Reproduce exactly the lines from the start of the records through the line containing "712解封否需要先等北农、屏", both included. Leave the pictures out.

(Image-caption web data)
=== Section Start ===

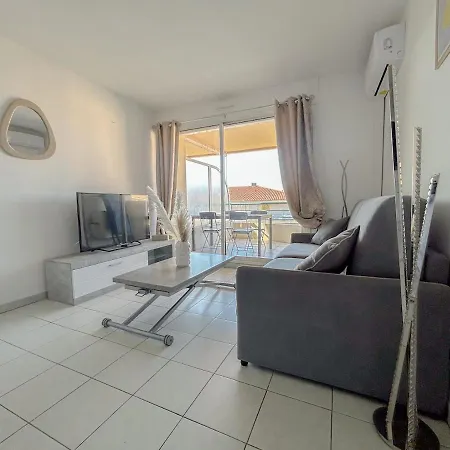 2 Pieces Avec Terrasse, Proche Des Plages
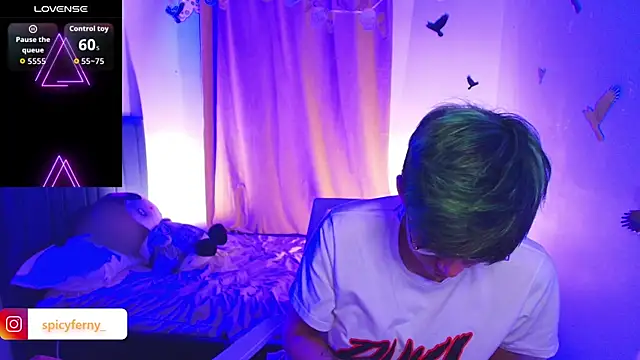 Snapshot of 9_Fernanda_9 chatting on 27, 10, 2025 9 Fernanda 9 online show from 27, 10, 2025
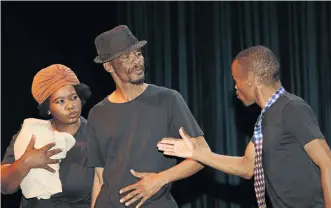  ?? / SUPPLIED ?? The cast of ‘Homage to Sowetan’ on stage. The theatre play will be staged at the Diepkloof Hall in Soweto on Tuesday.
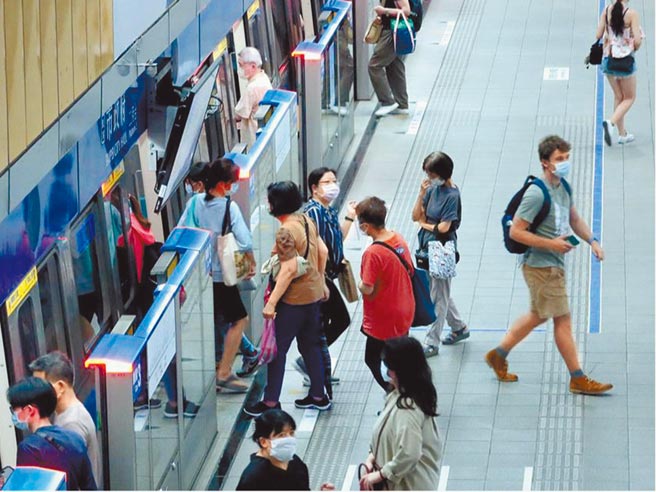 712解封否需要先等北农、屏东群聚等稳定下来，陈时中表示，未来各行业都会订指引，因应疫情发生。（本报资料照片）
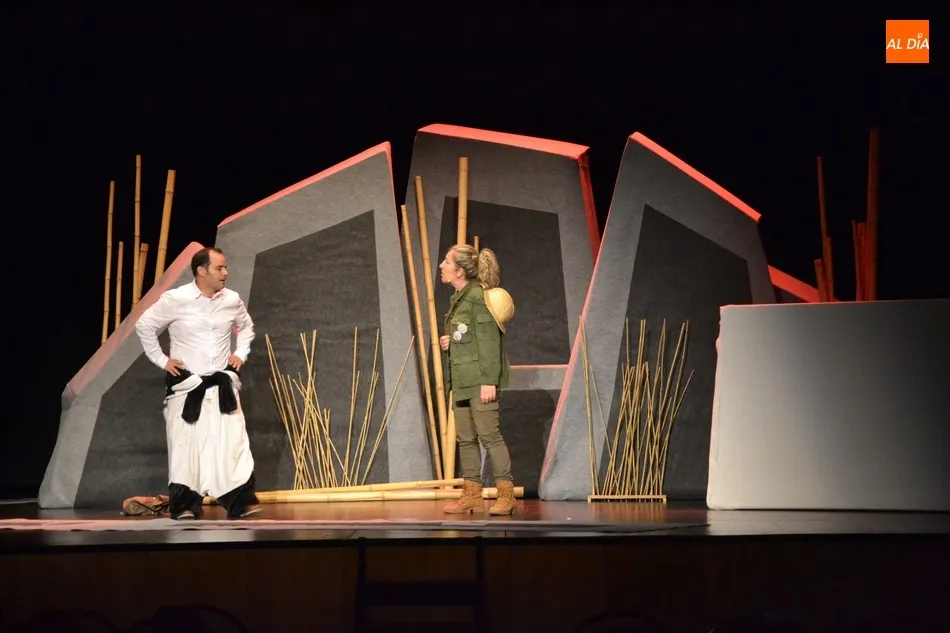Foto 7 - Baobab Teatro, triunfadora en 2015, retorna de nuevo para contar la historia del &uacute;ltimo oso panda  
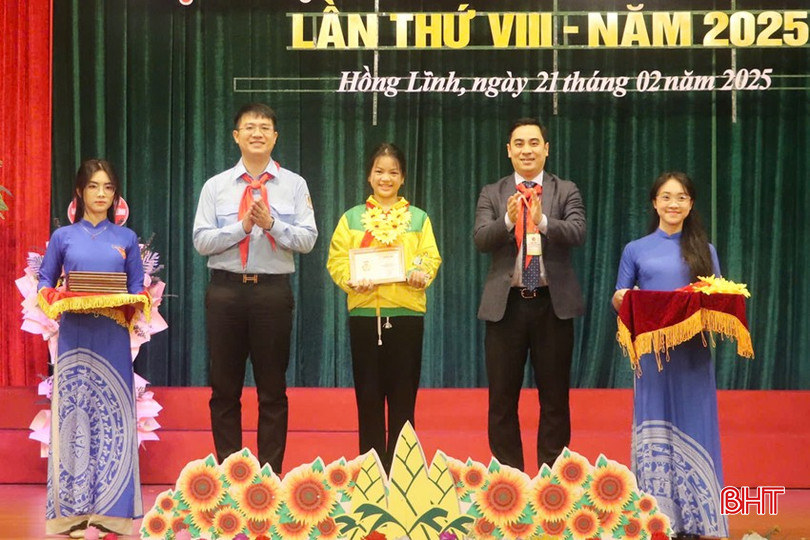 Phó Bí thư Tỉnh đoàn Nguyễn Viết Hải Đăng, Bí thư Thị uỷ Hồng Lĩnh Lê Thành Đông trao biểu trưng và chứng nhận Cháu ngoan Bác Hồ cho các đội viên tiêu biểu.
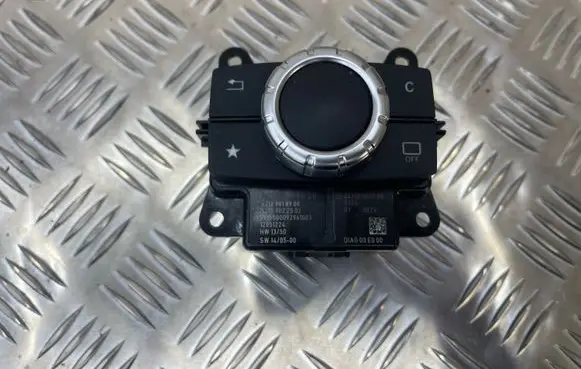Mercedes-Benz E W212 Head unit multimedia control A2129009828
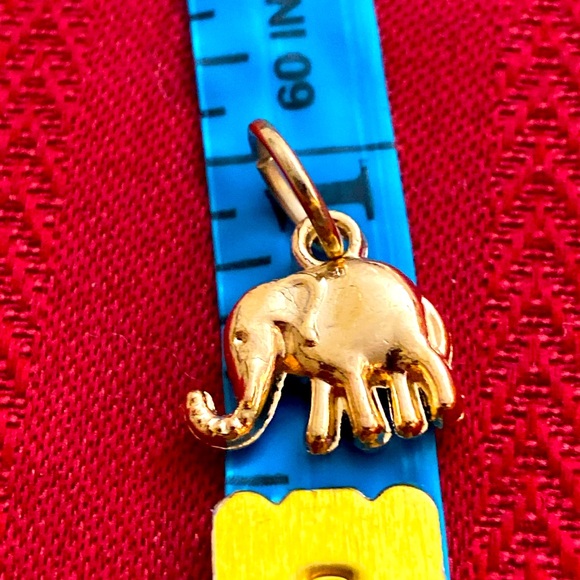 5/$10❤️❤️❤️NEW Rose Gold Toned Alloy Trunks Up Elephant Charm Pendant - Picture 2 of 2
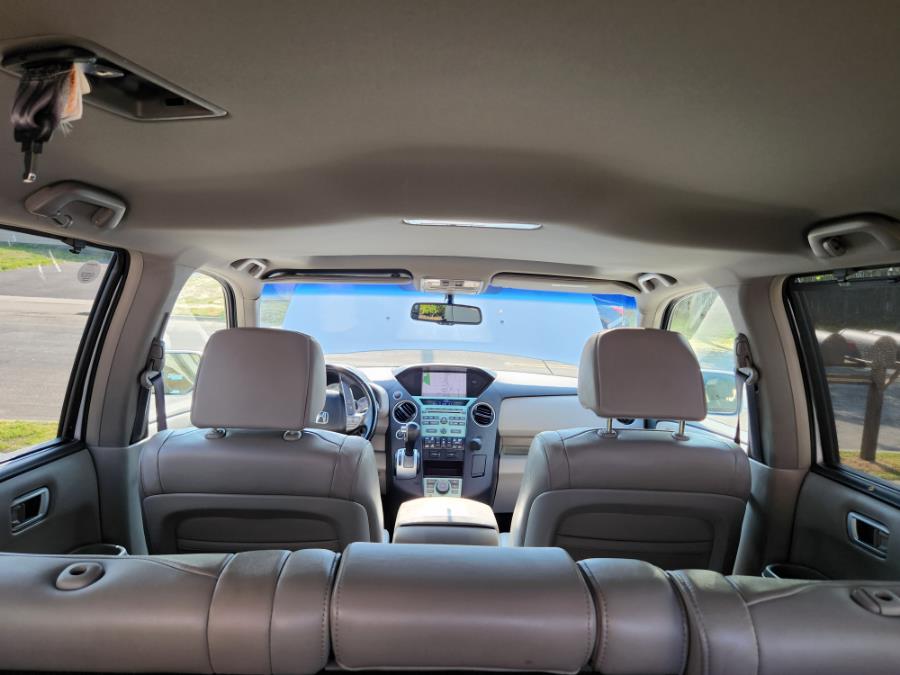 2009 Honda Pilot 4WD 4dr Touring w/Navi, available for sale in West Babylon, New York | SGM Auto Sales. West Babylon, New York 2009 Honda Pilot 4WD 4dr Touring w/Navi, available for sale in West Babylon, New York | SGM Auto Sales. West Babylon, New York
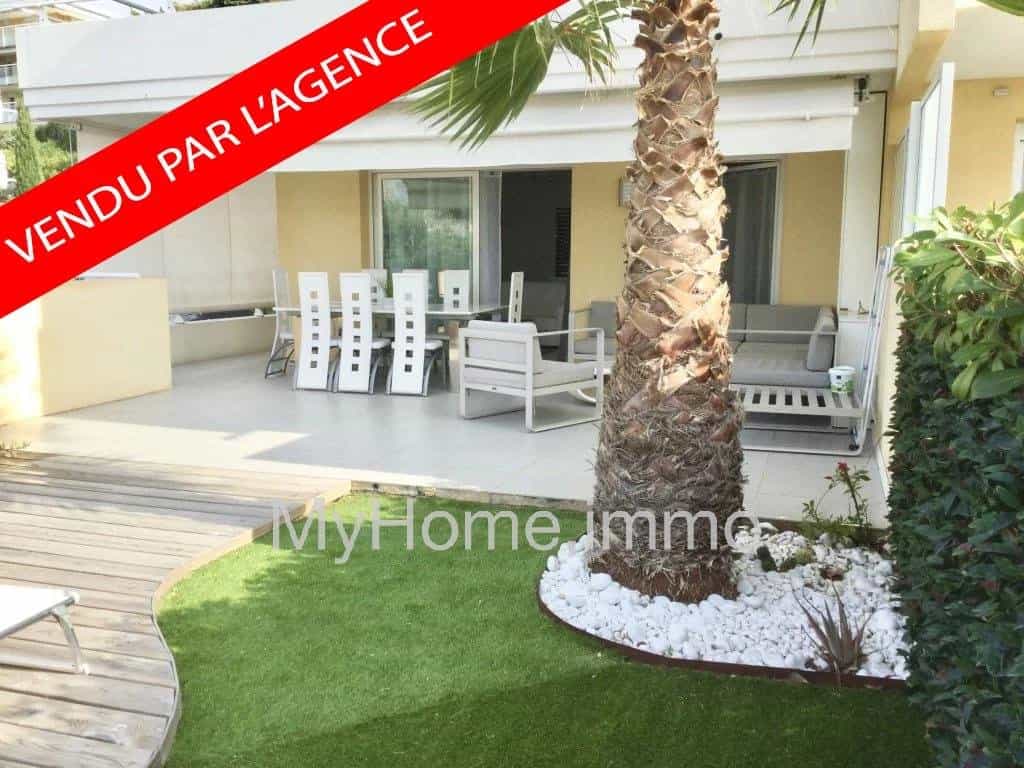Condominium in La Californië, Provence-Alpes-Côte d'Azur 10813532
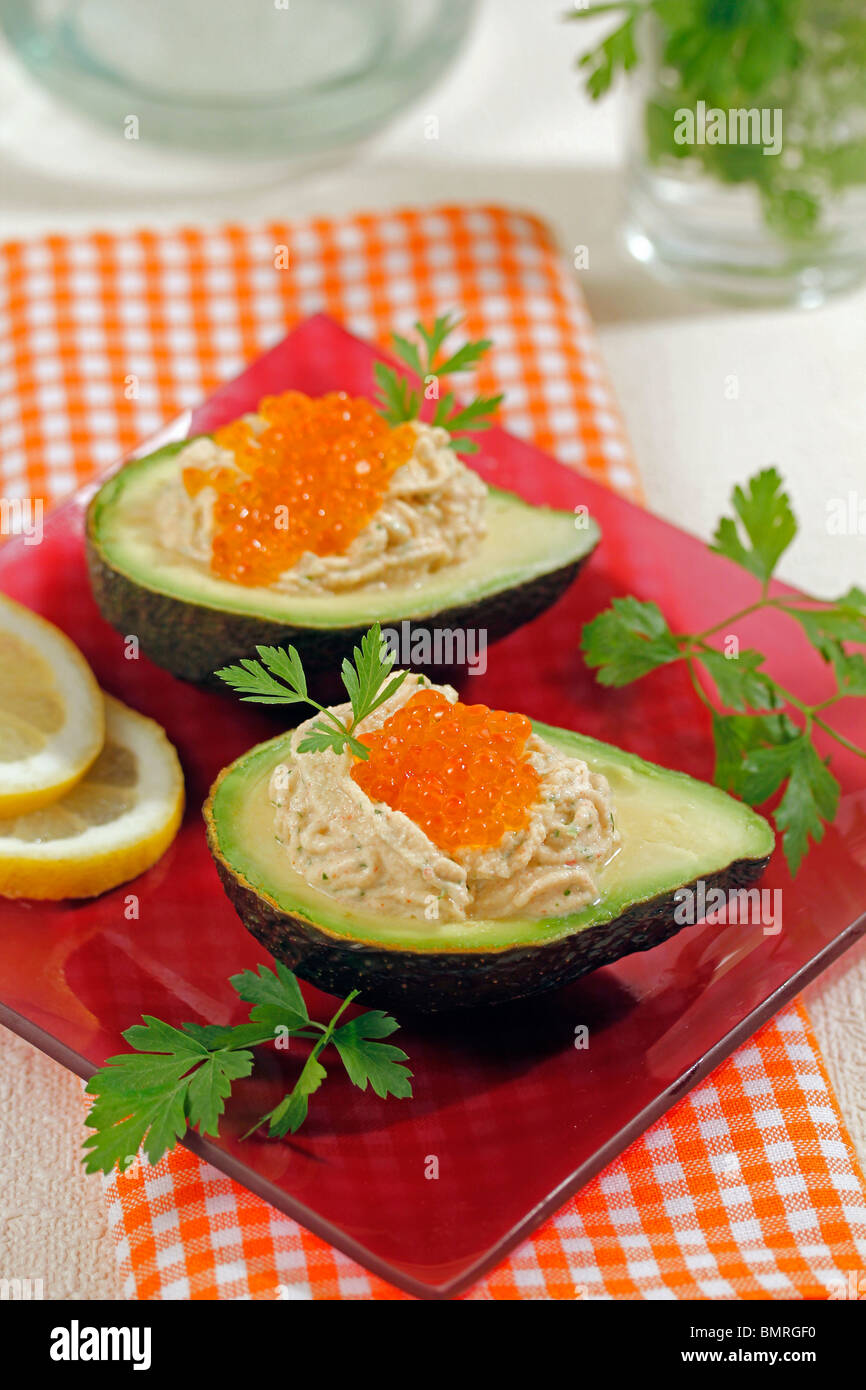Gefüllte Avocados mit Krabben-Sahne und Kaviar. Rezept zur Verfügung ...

=== Section End ===

● Exercise response:
 2 Pieces Avec Terrasse, Proche Des Plages
 Snapshot of 9_Fernanda_9 chatting on 27, 10, 2025 9 Fernanda 9 online show from 27, 10, 2025
  ?? / SUPPLIED ?? The cast of ‘Homage to Sowetan’ on stage. The theatre play will be staged at the Diepkloof Hall in Soweto on Tuesday.
 712解封否需要先等北农、屏东群聚等稳定下来，陈时中表示，未来各行业都会订指引，因应疫情发生。（本报资料照片）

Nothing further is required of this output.